Vom karg realistischen Register der ersten Minuten wechselt Regiedebütant Emiliano Rocha Minter bald in ein purgatorisch-meditatives. Wenn man so will: Von dem Modus, den man heute vom mexikanische Arthauskino erwartet, in einen transgressiv-artifziellen Modus, der - und das ist wirklich erstaunlich - nahtlos an ein erwachsenes Kino der 70er Jahre anschließt, das sich in der Interzone zwischen Exploitation, Kunst, Pop, Drastik und gegenkulturellem Infrage-Stellen gängiger gesellschaftlicher Konventionen verortet. Subversives Mitternachtskino. An Versuchen, dieses Kino wiederauferstehen zu lassen, herrschte seitdem weißgott kein Mangel. Doch während die Epigonen über bloß nostalgische Gesten selten hinaus gelangen, bezieht Minter eine beeindruckend souveräne Position: Sein Film gerinnt nicht zum Retro-Spiel mit gefälligen Tabubrüchen, sondern ist tatsächlich von einer existenziellen Dringlichkeit angeschoben.

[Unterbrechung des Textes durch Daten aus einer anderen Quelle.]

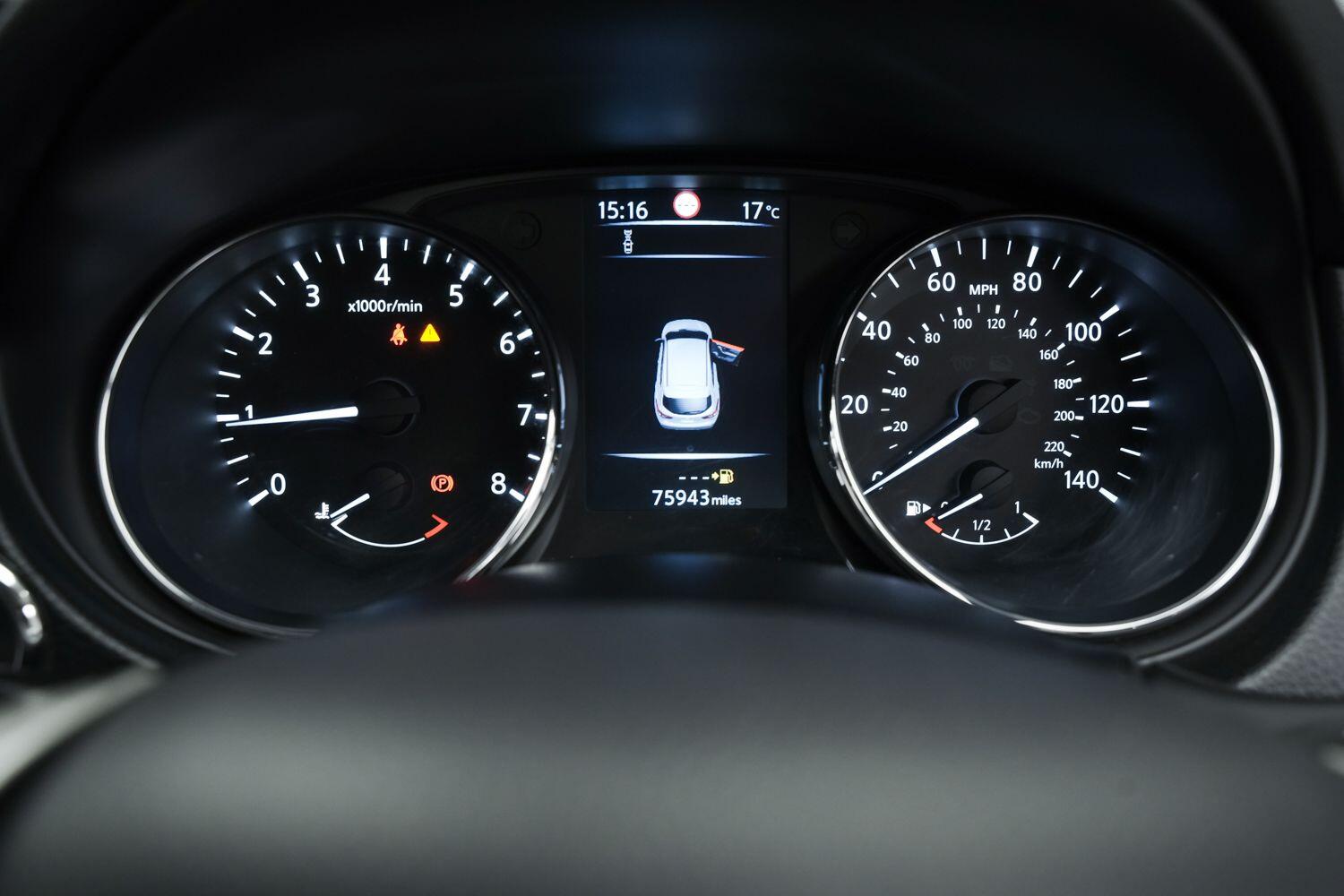 Used Nissan Qashqai 2016 for sale - 76361432: Photo 24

Was Tabubrüche betrifft, geizt auch Minter nicht. Mariano, dem der Poe'sche "Imp of the Perverse" ins stets irrsinnig herumäugende Gesicht geradezu gemeißelt ist, spielt mit den Geschwistern ein kaum durchschaubares Spiel. Sie dazu zu bringen, das Inzest-Tabu als grundlegende zivilisatorische Leistung zu durchbrechen, bildet darin bloß die erste Passage. Den Sex zwischen den beiden zeigt Minter in aller Explizitheit, überhöht ihn aber zusätzlich durch den Einsatz einer Wärmekamera, die vom Kino tatsächlich viel zu selten genutzt wird. Wenn die beiden miteinander schlafen, strahlen sie so satt wie glühender Stahl kurz vor seiner Verflüssigung: Aggregatzustand kreatürlicher Ekstase.

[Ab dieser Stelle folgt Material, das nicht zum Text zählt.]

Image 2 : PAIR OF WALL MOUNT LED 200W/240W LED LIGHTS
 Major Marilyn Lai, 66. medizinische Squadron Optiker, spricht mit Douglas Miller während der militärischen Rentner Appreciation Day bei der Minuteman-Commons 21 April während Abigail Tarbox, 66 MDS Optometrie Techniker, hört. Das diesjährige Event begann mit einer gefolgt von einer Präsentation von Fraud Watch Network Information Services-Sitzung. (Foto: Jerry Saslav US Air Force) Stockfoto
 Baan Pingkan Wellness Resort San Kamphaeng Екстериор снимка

Dem Inzest folgen Kannibalismus, Defäkationen, Geburtsmetaphern und -szenen, Menschenopfer, pornografischer Sex, nietzsche-artige Deklamationen von der Überwindung der Selbst-Disziplin durch Freisetzung der Triebgewalt (noch ein schöner Konnex zu Marins), Großaufnahmen von Genitalien beiderlei Geschlechts - kurz: ein Reigen all jener ersten und letzten, schlicht primordialen Dinge, die diesseits der Zäsur durch die edlen Körperideale der Klassik als anrüchig und ganz gewiss nicht bildwürdig gelten. Insbesondere die Genitalien sind dabei von rührender Anmut: Selten einmal gelingt es dem Kino, die tatsächlich wunderbare Schönheit einer Vulva oder die rätselhaft kräuselnden Bewegungen eines Hodensacks mit beiläufigen ästhetischen Mitteln auf die Leinwand zu bringen.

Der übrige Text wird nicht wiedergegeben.